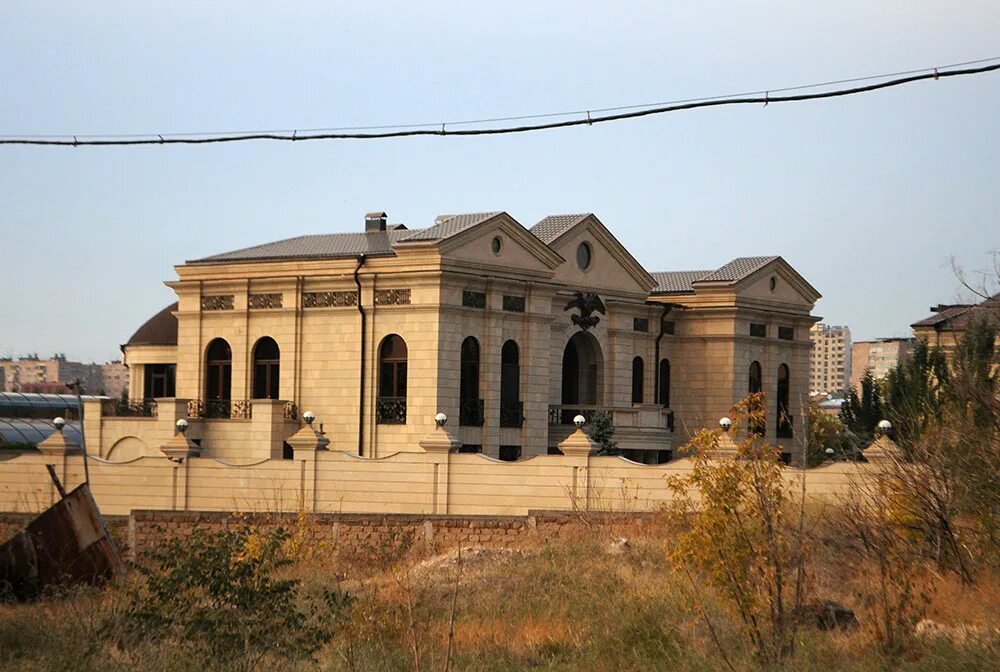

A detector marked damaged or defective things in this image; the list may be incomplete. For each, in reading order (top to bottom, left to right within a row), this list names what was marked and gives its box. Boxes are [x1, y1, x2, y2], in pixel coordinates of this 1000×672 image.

rusty metal sheet [0, 480, 122, 600]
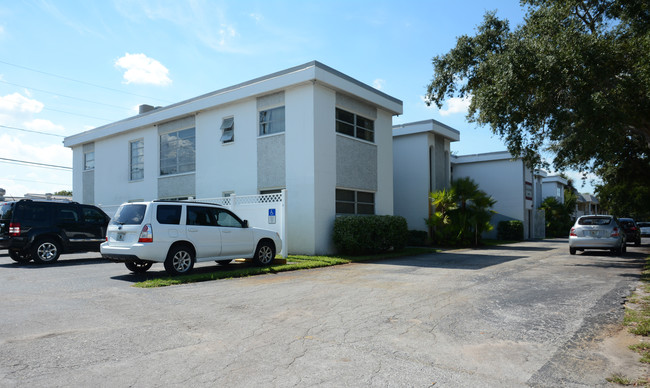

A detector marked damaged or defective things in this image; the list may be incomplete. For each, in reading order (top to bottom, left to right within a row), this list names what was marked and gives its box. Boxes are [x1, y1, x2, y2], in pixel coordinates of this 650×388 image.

cracked asphalt [0, 238, 644, 386]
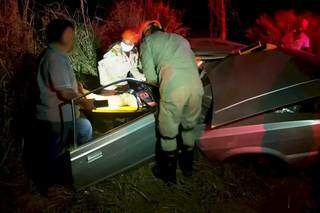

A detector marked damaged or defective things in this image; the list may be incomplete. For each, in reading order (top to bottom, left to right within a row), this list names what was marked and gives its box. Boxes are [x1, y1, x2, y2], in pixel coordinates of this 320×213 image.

crashed car [69, 38, 320, 188]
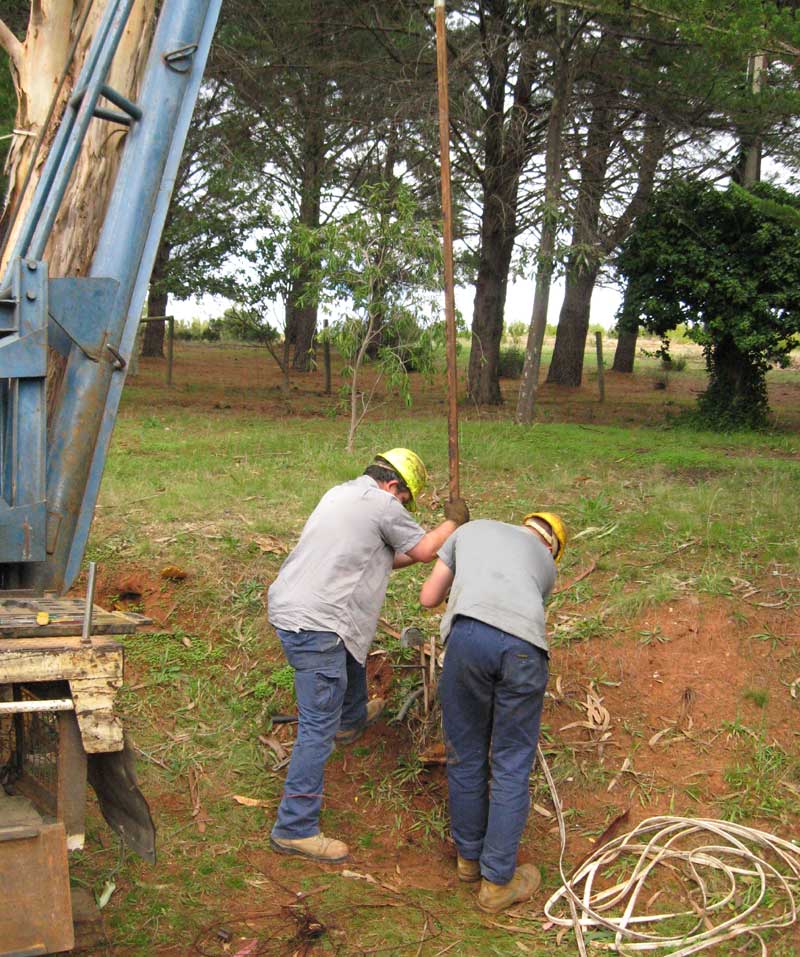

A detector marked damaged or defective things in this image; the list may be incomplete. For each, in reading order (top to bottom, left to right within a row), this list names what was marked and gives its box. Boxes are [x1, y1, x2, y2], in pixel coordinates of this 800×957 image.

rusty metal plate [0, 592, 150, 640]
rusty metal platform [0, 592, 150, 640]
rusty metal plate [0, 816, 73, 956]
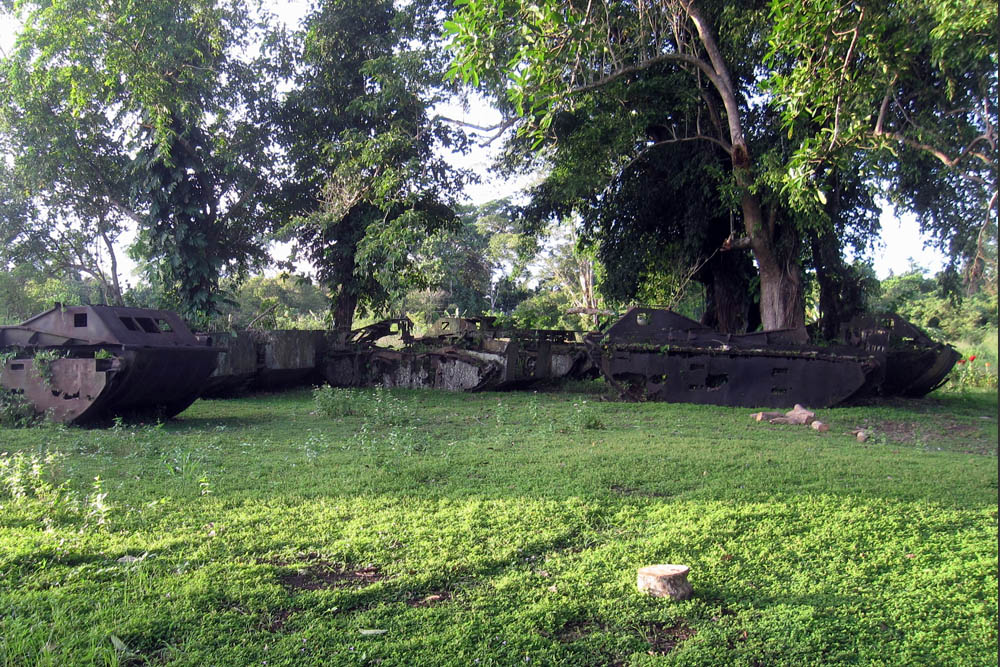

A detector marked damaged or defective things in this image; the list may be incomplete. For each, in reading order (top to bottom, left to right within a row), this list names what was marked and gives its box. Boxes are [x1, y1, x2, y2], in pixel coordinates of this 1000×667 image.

rusted amphibious landing vehicle [0, 304, 218, 422]
rusted metal hull [0, 306, 219, 426]
rusted amphibious landing vehicle [584, 308, 960, 408]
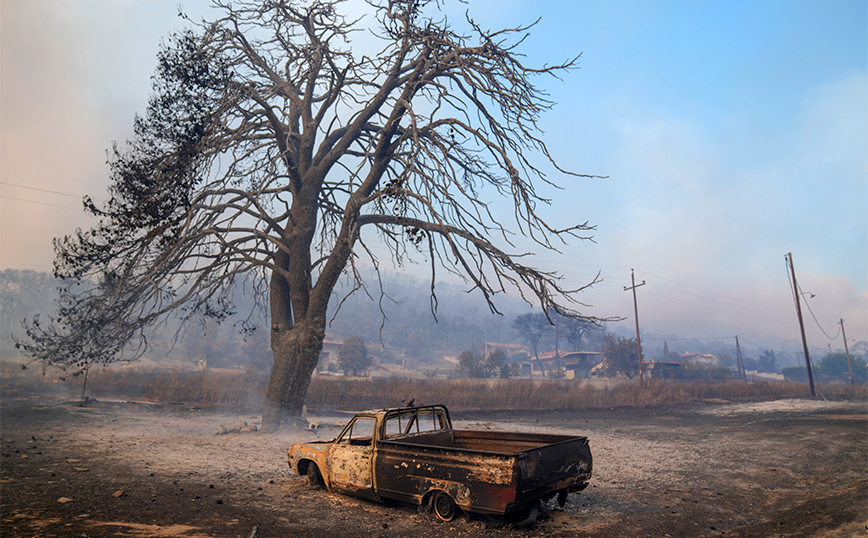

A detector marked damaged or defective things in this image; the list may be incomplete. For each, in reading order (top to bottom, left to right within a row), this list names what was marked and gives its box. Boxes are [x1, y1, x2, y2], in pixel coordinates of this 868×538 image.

burned pickup truck [288, 404, 592, 520]
destroyed vehicle [288, 404, 592, 520]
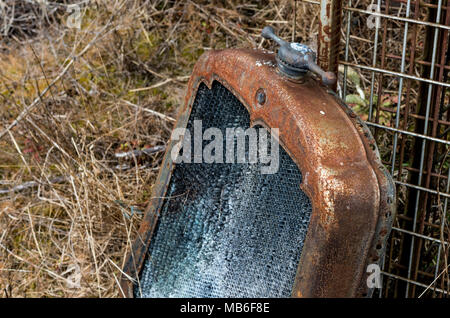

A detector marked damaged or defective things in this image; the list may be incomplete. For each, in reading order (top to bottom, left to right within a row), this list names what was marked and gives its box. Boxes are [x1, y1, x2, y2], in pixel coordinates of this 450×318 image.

rust [118, 47, 394, 298]
rusty radiator [119, 29, 394, 296]
corroded metal frame [121, 49, 396, 298]
rusty radiator [306, 0, 450, 298]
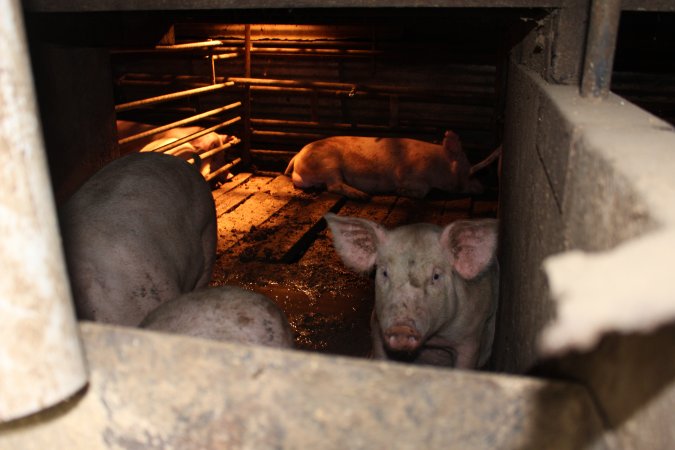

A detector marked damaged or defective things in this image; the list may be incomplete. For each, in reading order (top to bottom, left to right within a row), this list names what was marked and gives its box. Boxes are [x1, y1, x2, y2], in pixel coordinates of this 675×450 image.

rusty metal bar [580, 0, 624, 98]
rusty metal bar [115, 83, 234, 113]
rusty metal bar [119, 101, 243, 144]
rusty metal bar [154, 117, 244, 156]
rusty metal bar [206, 156, 243, 181]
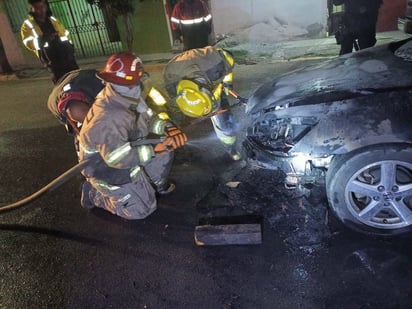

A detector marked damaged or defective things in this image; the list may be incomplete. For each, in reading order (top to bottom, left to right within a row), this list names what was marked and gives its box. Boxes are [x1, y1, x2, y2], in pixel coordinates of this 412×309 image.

burned car [245, 39, 412, 236]
damaged hood [246, 38, 412, 113]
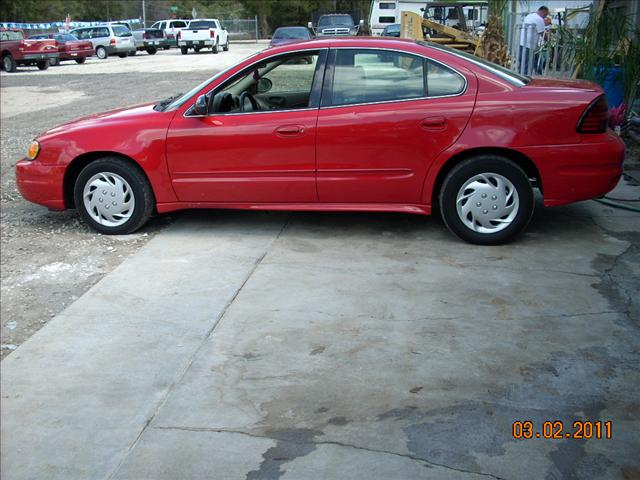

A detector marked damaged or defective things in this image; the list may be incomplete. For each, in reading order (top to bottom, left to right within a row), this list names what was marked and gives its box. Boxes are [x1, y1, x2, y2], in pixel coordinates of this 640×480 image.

crack in concrete [105, 217, 292, 480]
crack in concrete [151, 426, 504, 478]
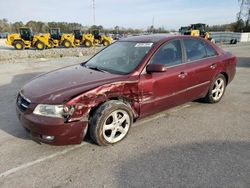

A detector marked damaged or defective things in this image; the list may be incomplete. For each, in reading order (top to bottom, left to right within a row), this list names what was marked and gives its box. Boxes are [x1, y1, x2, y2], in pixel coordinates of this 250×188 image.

damaged red sedan [16, 34, 236, 145]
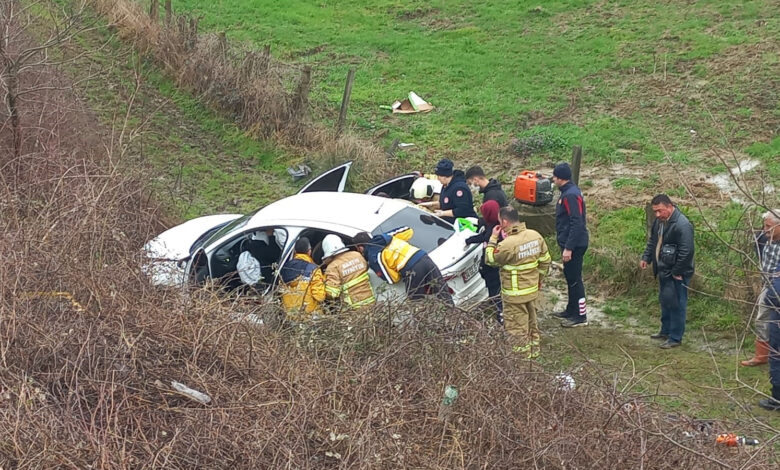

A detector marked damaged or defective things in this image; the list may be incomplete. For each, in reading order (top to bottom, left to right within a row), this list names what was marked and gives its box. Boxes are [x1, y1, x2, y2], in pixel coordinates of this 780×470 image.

crashed white car [145, 163, 488, 306]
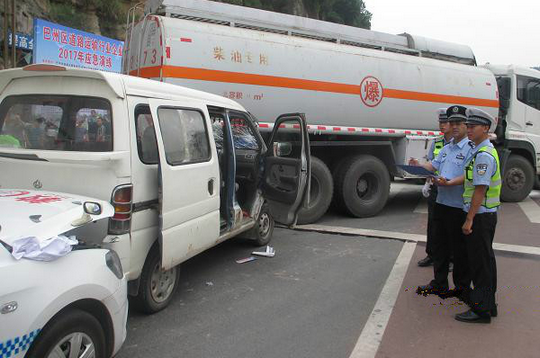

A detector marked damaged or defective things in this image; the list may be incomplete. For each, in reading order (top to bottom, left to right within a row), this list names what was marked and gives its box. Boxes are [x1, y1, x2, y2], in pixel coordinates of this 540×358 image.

damaged white van [0, 65, 310, 314]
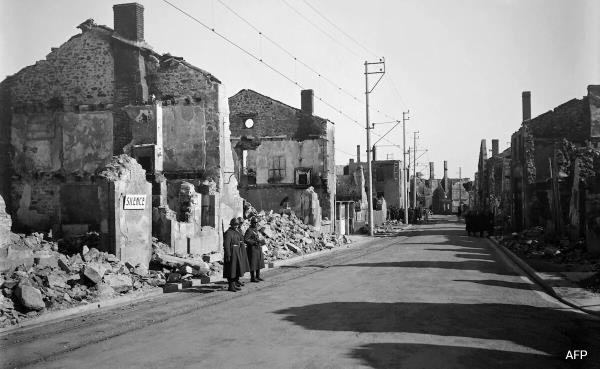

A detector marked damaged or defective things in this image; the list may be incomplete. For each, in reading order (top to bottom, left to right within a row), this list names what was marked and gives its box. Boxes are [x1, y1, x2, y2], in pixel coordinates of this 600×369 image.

burnt facade [2, 2, 241, 258]
burnt facade [227, 88, 336, 224]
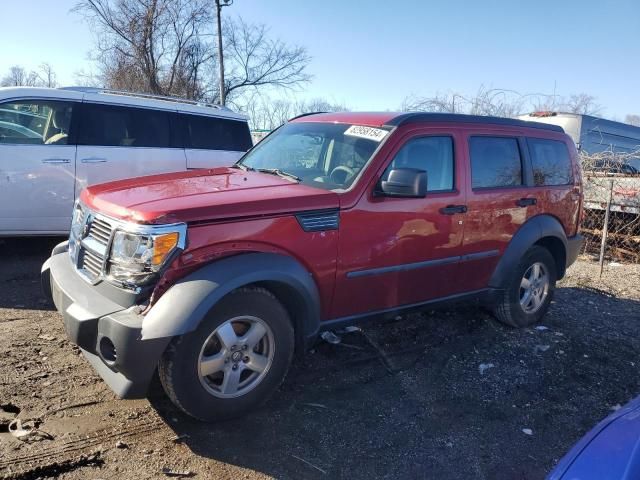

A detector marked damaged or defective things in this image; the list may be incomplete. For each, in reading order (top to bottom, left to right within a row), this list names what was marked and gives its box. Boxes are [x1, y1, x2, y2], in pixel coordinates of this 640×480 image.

crumpled hood [81, 166, 340, 224]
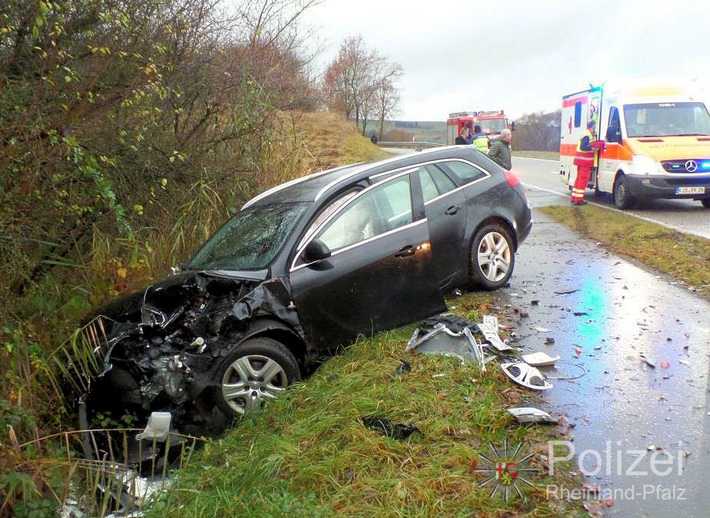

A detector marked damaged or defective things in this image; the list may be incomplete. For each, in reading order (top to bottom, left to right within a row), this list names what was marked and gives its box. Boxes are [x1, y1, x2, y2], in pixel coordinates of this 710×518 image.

crashed black car [85, 146, 536, 434]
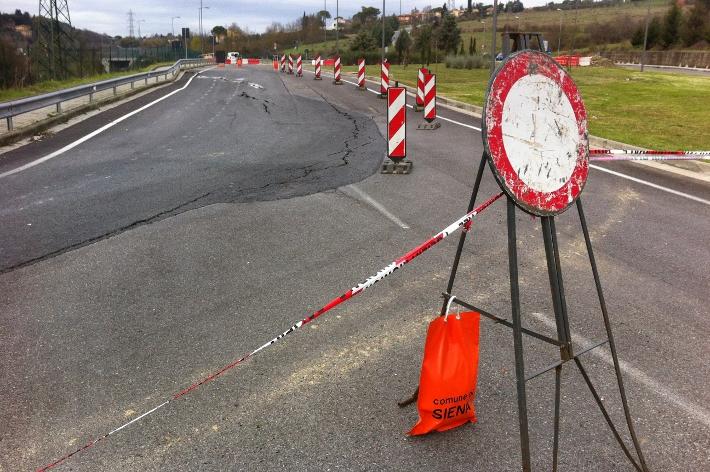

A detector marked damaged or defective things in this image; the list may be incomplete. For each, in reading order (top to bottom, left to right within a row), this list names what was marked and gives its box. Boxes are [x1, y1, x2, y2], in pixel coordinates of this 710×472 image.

damaged road surface [0, 67, 384, 272]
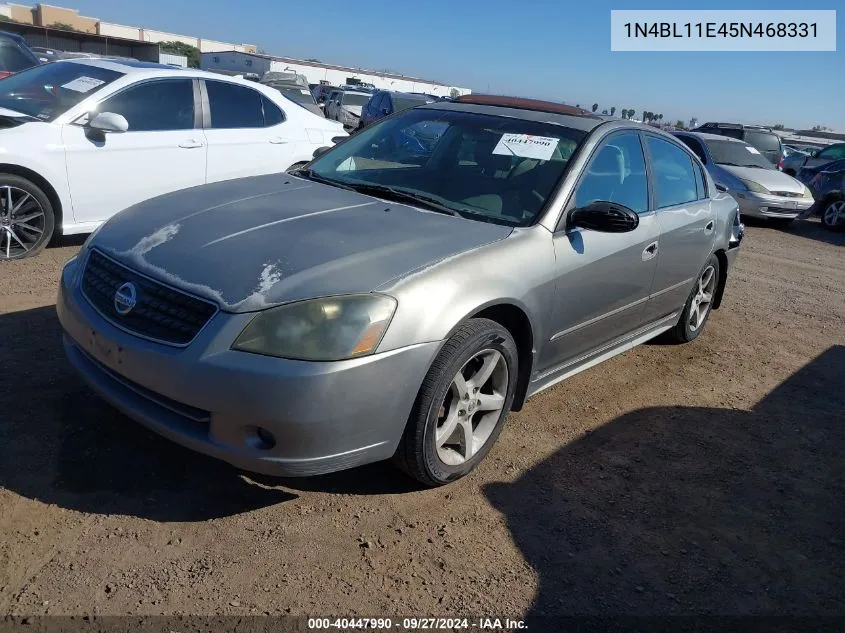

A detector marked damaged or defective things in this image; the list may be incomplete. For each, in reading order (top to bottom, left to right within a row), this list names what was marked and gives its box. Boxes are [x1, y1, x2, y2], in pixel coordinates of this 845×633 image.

peeling paint on hood [92, 172, 516, 312]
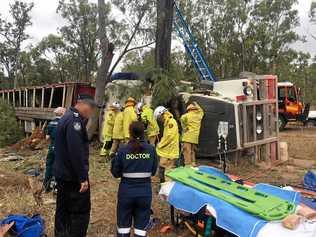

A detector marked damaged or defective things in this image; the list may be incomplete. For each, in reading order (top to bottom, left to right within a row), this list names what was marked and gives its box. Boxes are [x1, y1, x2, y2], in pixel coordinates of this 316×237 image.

overturned cattle truck [0, 82, 95, 132]
overturned cattle truck [180, 75, 278, 162]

┄┄┄┄┄┄

**TASK BRIEF**
Above are the entries; write them out again exactly, omitting the pictures.

**EXPECTED OUTPUT**
A detector marked damaged or defective things in this image; the list may be incomplete. For each, in reading order (top to bottom, left to right within a row), this list names what was marked and gives its box. Boxes are [x1, y1, x2, y2], in pixel coordinates of this 1000×672 image.

rusty metal sheet [0, 480, 122, 600]

A detector marked damaged or defective things in this image; the list may be incomplete. For each, in reading order (top to bottom, left to right within a row), this list names what was marked and gives its box. Boxes are [x1, y1, x2, y2], in pixel coordinates of this 650×388 image.

cracked asphalt [0, 238, 644, 386]

A detector marked damaged or defective things in this image; the list may be incomplete. For each, in reading order (top to bottom, left to right within a row), this list names what was marked and gives its box. Boxes are [x1, y1, x2, y2], in pixel coordinates of this 320×213 image.

crashed car [69, 38, 320, 188]

A detector marked damaged or defective things in this image; the list may be incomplete. For each, in reading order (top to bottom, left to right within a row), this list names what was marked and gives its box. Boxes are [x1, y1, x2, y2], in pixel coordinates of this 800×957 image.

rusty metal plate [0, 592, 150, 640]
rusty metal platform [0, 592, 150, 640]
rusty metal plate [0, 816, 73, 956]

A detector marked damaged or defective things in this image; the list may be incomplete. For each, in reading order (top to bottom, left to right within a row), this list names what was marked and gives its box. Boxes are [x1, y1, x2, y2], in pixel coordinates of this 1000×667 image.

rusted amphibious landing vehicle [0, 304, 218, 422]
rusted metal hull [0, 306, 219, 426]
rusted amphibious landing vehicle [584, 308, 960, 408]

A detector marked damaged or defective things in this image; the list may be incomplete. For each, in reading order (top to bottom, left to right within a row), this list names what was marked and gives its box. Boxes are [x1, y1, x2, y2], in pixel coordinates of this 868×538 image.

burned pickup truck [288, 404, 592, 520]
destroyed vehicle [288, 404, 592, 520]

A detector marked damaged or defective things in this image; the list may be incomplete. For each, in reading order (top to bottom, left to right within a row), this list names what was marked and gives its box. Boxes are [x1, y1, x2, y2], in pixel coordinates of this 450×318 image.

rust [118, 47, 394, 298]
rusty radiator [119, 29, 394, 296]
corroded metal frame [121, 49, 396, 298]
rusty radiator [306, 0, 450, 298]

A detector marked damaged or defective things in this image; the list may be incomplete. For each, in reading order (top to bottom, left to right within a row), this list names what was marked and gives its box. Boxes are [x1, y1, x2, y2], in pixel coordinates of this 675×450 image.

rusty metal bar [580, 0, 624, 98]
rusty metal bar [115, 83, 234, 113]
rusty metal bar [119, 101, 243, 144]
rusty metal bar [154, 117, 244, 156]
rusty metal bar [206, 156, 243, 181]

A detector marked damaged or defective things in this image; the list may be incomplete. For each, in reading order (top to bottom, left to right within a row), this list names what was marked and gives its box. Boxes are [x1, y1, x2, y2], in pixel coordinates of this 412×309 image.

burned car [245, 39, 412, 236]
damaged hood [246, 38, 412, 113]

A detector marked damaged or defective things in this image; the list may be incomplete. For each, in reading order (top to bottom, left to right within a row), this list names what was marked and gives its box. Boxes are [x1, y1, x2, y2], in pixel coordinates of this 640×480 image.

crack in concrete [105, 217, 292, 480]
crack in concrete [151, 426, 504, 478]

A detector marked damaged or defective things in this image; the list may be incomplete. For each, in reading order (top to bottom, left to right within a row), this list names what was marked and gives its box. Boxes are [x1, y1, x2, y2], in pixel coordinates of this 250×188 image.

damaged red sedan [16, 34, 236, 145]

A detector marked damaged or defective things in this image; the list may be incomplete. For each, in reading order (top to bottom, left to right within a row), this list names what was marked and gives its box. Boxes are [x1, y1, x2, y2], in pixel coordinates of this 780×470 image.

crashed white car [145, 163, 488, 306]

A detector marked damaged or defective things in this image; the list may be incomplete. For each, in reading order (top to bottom, left to right within a row), this list names what was marked and gives its box. Boxes are [x1, y1, x2, y2], in pixel coordinates of this 540×358 image.

damaged white van [0, 65, 310, 314]

A detector marked damaged or defective things in this image; the list may be incomplete. For each, in reading order (top to bottom, left to right within a row), this list names what was marked and gives its box. Boxes are [x1, y1, x2, y2], in pixel coordinates of this 600×369 image.

burnt facade [2, 2, 241, 258]
burnt facade [227, 88, 336, 224]

A detector marked damaged or defective things in this image; the list may be incomplete. For each, in reading order (top to bottom, left to right within a row), this list names what was marked and gives its box. Boxes are [x1, y1, x2, y2], in pixel coordinates of this 640×480 image.

crumpled hood [81, 166, 340, 224]

A detector marked damaged or defective things in this image; the list may be incomplete. For each, in reading order (top to bottom, left to right within a row), this list names what was marked and gives its box. Boxes are [x1, y1, x2, y2], in pixel coordinates of this 710×518 image.

crashed black car [85, 146, 536, 434]

A detector marked damaged or defective things in this image; the list may be incomplete. For each, in reading order (top to bottom, left to right within a row), this list names what was marked and gives its box. Boxes are [x1, y1, x2, y2], in pixel coordinates of this 710×472 image.

damaged road surface [0, 67, 384, 272]

A detector marked damaged or defective things in this image; the list may be incomplete. For each, in reading order (top to bottom, left to right within a row), this list names what was marked and gives its box. Boxes are [x1, y1, x2, y2], in pixel coordinates of this 845×633 image.

peeling paint on hood [92, 172, 516, 312]

A detector marked damaged or defective things in this image; the list may be incomplete. For each, in reading order (top to bottom, left to right within a row), this list names what was marked and gives its box. Boxes are [x1, y1, x2, y2], in pixel coordinates of this 316×237 image.

overturned cattle truck [0, 82, 95, 132]
overturned cattle truck [180, 75, 278, 162]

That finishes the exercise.